Claudia La Rocco

Kaitlyn Gilliland and Will Rawls, #loveyoumeanit, part 1, 2015. Performance view, Danspace Project, New York, NY, February 19, 2015. Kaitlyn Gilliland and Will Rawls. Photo: Ian Douglas.

As part of its continuing fortieth anniversary celebrations, Danspace Project invited the poet and critic Claudia La Rocco to curate an iteration of its Platform series of performances and events. Titled “Dancers, Buildings and People in the Streets” after poet-critic Edwin Denby’s 1965 essay of the same name, La Rocco has produced a wide-ranging catalogue and brought together thirteen dance artists working in the “three nodal points of Balanchine, Cunningham, and the Judson Dance Theater” to engage in dialogues, workshops, and performances. The Platform runs through March 28.

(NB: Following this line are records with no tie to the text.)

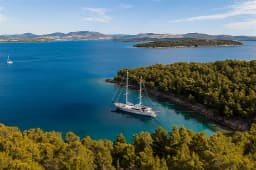 Luxury Sailing Yacht in Split / Port of Split / West Harbour thumbnail 42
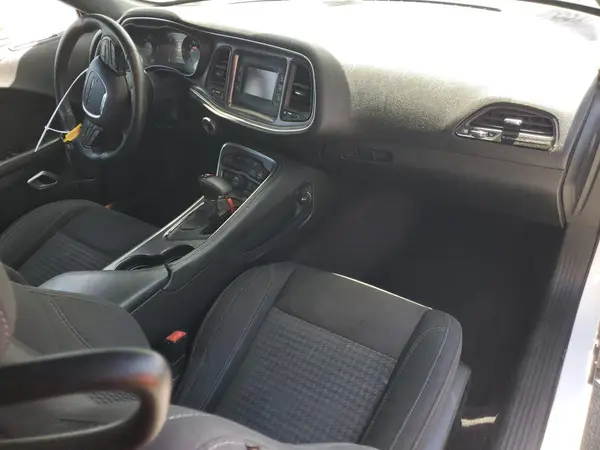 2C3CDZAG9HH527564 2017 DODGE CHALLENGER - Image 8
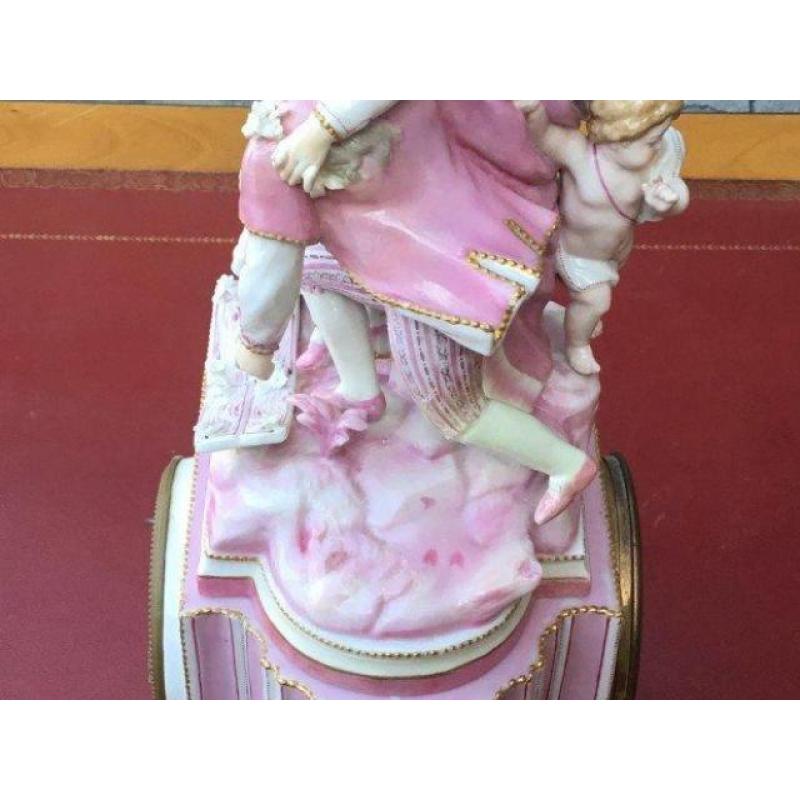 Pendule En Porcelaine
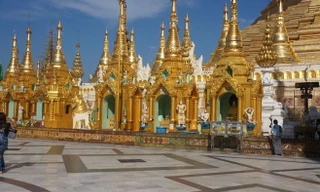 Cận cảnh chùa Vàng linh thiêng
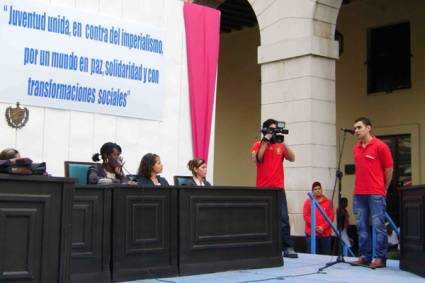Elián González en el Tribunal Antiimperialista 
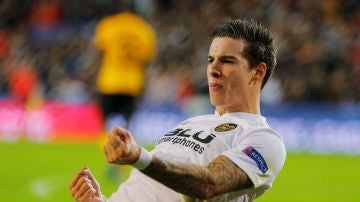 Santi Mina celebra uno de sus goles contra el Young Boys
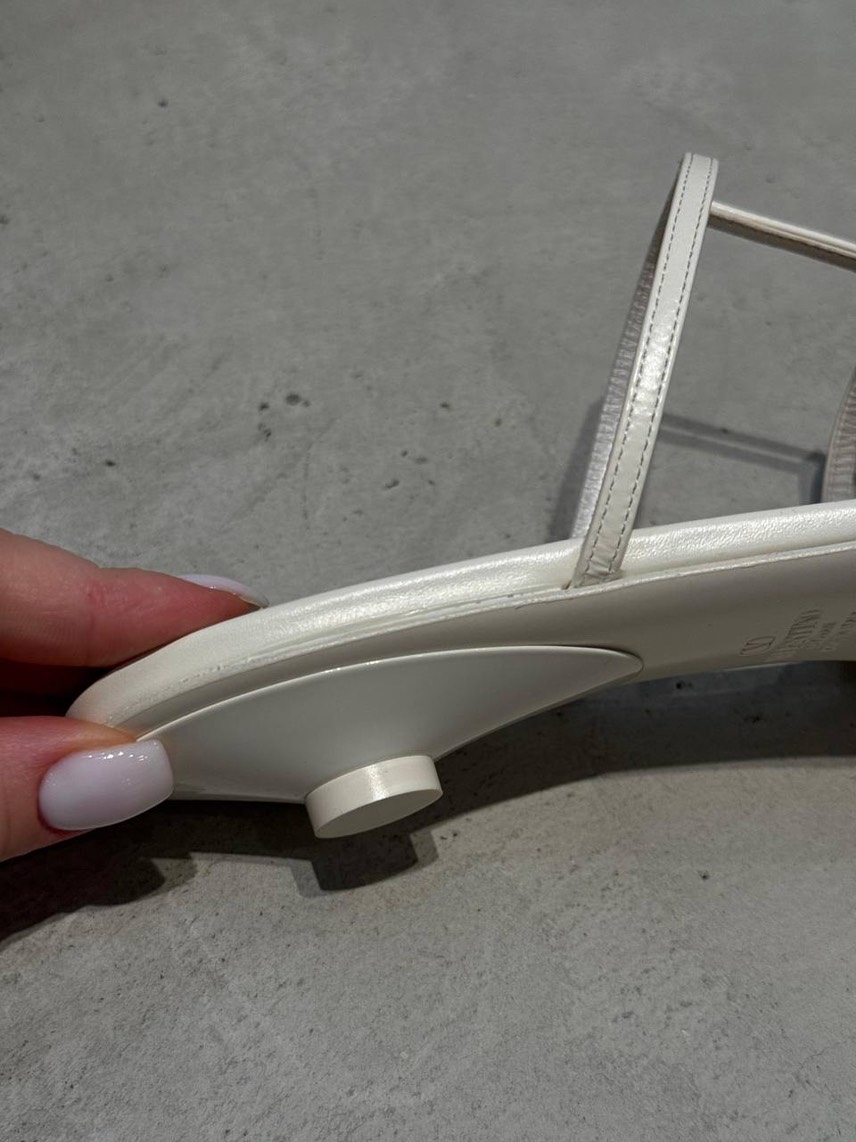 VALENTINO GARAVANI Slides side view - Women's luxury Shoes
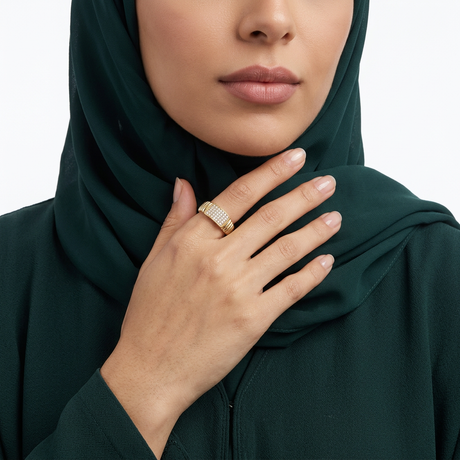 18K Gold Ring with Ribbed Edges Design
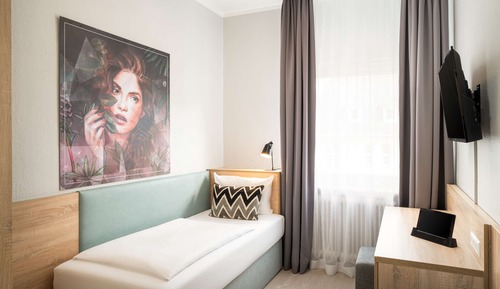 Standard Single Room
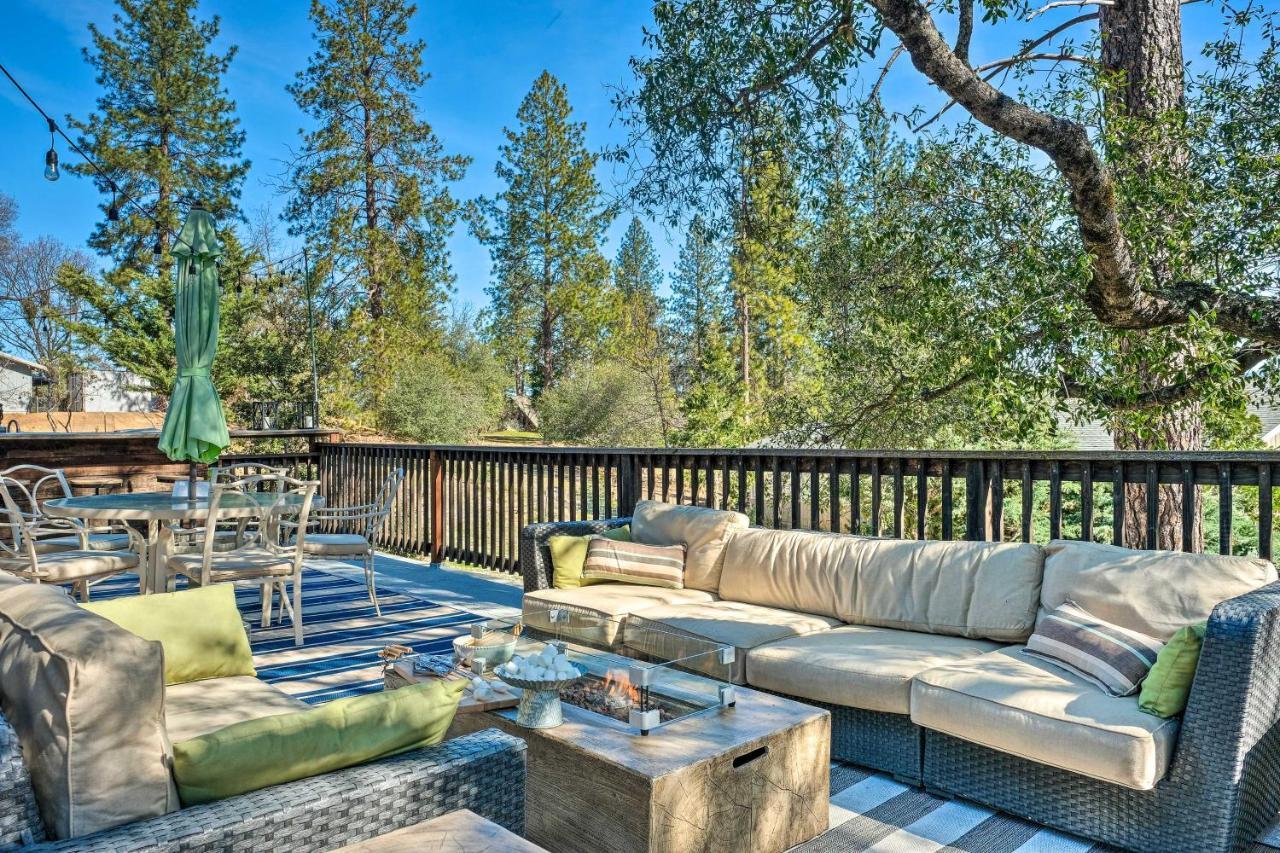 With Outdoor Perks And Game *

SEVERAL YEARS AGO, as I was phasing out of being a daily newspaper critic, Danspace director Judy Hussie-Taylor and I were talking about this stubborn gulf that exists between various aspects of the New York dance world. Everybody thinks we should have better words for the “uptown”/“downtown” split but we don’t. Why does this gulf persist, and would there be a way to mess with it?

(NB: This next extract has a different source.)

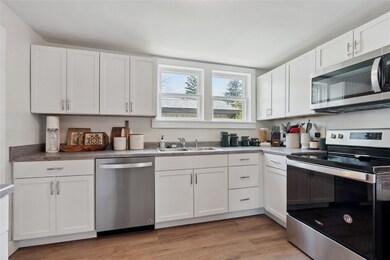 132 Green St, Center Point, IA 52213 - photo 7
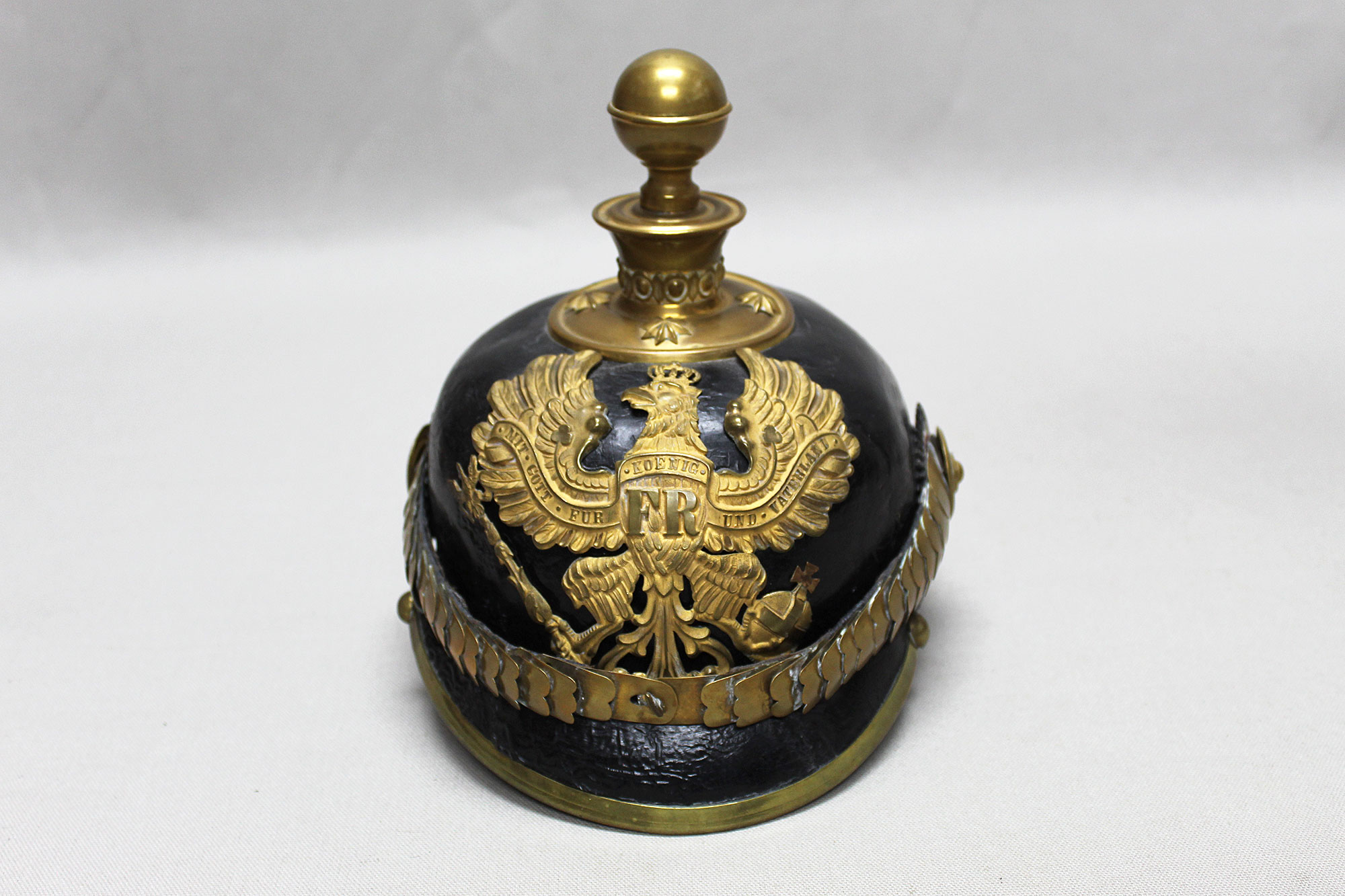 Prussian NCO/Officer Artillery Kugelhelm . HGi242 - Image 3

“Dancers, Buildings and People in the Streets” is the ninth iteration of Danspace’s “Platform” series, which began with Hussie-Taylor thinking about how to create a context for dance that is richer and more specific than a traditional “season.” She imagined different ways for Danspace to exist in the world. Danspace Project actually grew out of the Poetry Project. In 1974, a group calling themselves The Natural History of the American Dancer approached Larry Fagin, who was the assistant director of the Poetry Project. They were interested in performing in the sanctuary at Saint Mark’s Church, where the Poetry Project was (and still is) in residence. Fagin had been watching dance for a long time, and had credited the poet-critic Edwin Denby with teaching him how to see. There’s a sentence on the Poetry Project’s website that mentions that Fagin had been “shuttling between New York City’s three nodal points of Balanchine, Cunningham, and the Judson Dance Theater.”

This got me thinking about where those nodal points are in 2015. There’s a historical grounding here, but I’m not looking at this as a historical platform. I thought about who some of the artists are that I’m most interested in who are working in those traditions right now. I decided I would take twelve dance artists and make combinations out of pairings.

Really the interest was in finding smart and curious people who would be comfortable moving away from the standard way of operating where you have a gig and you make a piece and there it is. Could we create something that’s more about conversation and research? Something that could result in a finished work or open a window into a process that had really no “results” to show for itself? I really love the idea of the mobile body archive. I wanted to create a container in which failure wouldn’t be a bad thing.

The artists are not meant to be doing anything beyond being in some form of conversation. We’re calling all the evenings “dance dialogues.” It could happen in the form of actual conversations, it could happen in the form of them teaching repertory to each other. At one point, one of the pairings was going to do a carpentry project.

The first weekend, February 19–21, is Kaitlyn Gilliland and Will Rawls and Silas Riener and Adrian Danchig-Waring. Then the second weekend is Sara Mearns and Rashaun Mitchell and Jodi Melnick and Sterling Hyltin. The final weekend is Jillian Peña and Troy Shumacher and Emily Coates and Yve Laris Cohen. Then Pam Tanowitz, who works in all three of these traditions, has a full day, March 23, in which she is building a work with both City Ballet dancers and two former Cunningham dancers with whom she regularly collaborates. The entire thing will be created in a day, with its “premiere” that evening.

A number of these artists are coming from New York City Ballet, the house of Balanchine, and this will be the first time most of them will have worked in Danspace. Many of them had never even been there as audience members. Artists working in ballet and downtown New York traditions can have very different processes. In the downtown milieu, you could work for an entire year or two years and then the piece goes up for three days, whereas at City Ballet you put something together in a few weeks and that could be in the repertory for decades. It’s interesting to bring together artists and audiences who have such different expectations. To think about creating a third possibility.

It felt very important to honor these histories and at the same time to see how one could mess around with them in the present day. It’s just my New York, and this Platform feels very much like a love letter to the city.